When Russia had officially emancipated the Polish serfs in early 1864, it had removed a major rallying point from the agenda of potential Polish revolutionaries in the Congress Kingdom of Poland.
The insurgent army, equipped with primitive weapons, had survived the winter of 1863-64 in southern Poland, fighting doggedly as partisans in small detachments.
However, Romauld Traugutt and the other leaders of the rebellion who had not already fled the country had been arrested in April 1864; their execution in August marks the end of the January Uprising.

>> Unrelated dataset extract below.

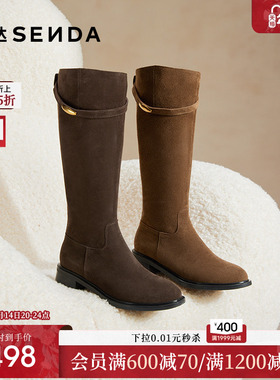 森达复古牛皮骑士靴女2025冬新西部显瘦小金豆粗跟长靴ZTI76DG5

Russia now abolishes the Congress Kingdom of Poland altogether and revokes the separate status of the Polish lands, incorporating them directly as the Western Region of the Russian Empire.
The region is placed under the dictatorial rule of Mikhail Nikolayevich Muravyov, known as the Hangman of Wilno.
All Polish citizens are assimilated into the empire and subjected it to an intense Russification policy.
Harsh reprisals are designed to reduce the country to a mere province of Russia, denied even the benefits of subsequent reforms in Russia proper.
Large garrisons and emergency legislation keep the Poles down.
Many individuals involved in the rising are executed or deported to Siberia; thousands of landed estates are confiscated.
The Uniate church is abolished, and the Roman Catholic hierarchy is harassed.
A huge Orthodox church has emerged in the center of Warsaw.
The government believes that it can resolve the Polish question by winning over the peasantry and pitting them against the szlachta and the Catholic church, as well as by eradicating the historical ties between the ”western provinces” and Poland.
Catholics can no longer buy land there.
The post-1863 period marks the beginning of a final parting of the ways between the Poles and the Lithuanians and Ukrainians (the latter also are undergoing a national revival), but in the long run Russian policies will not accomplish their aims.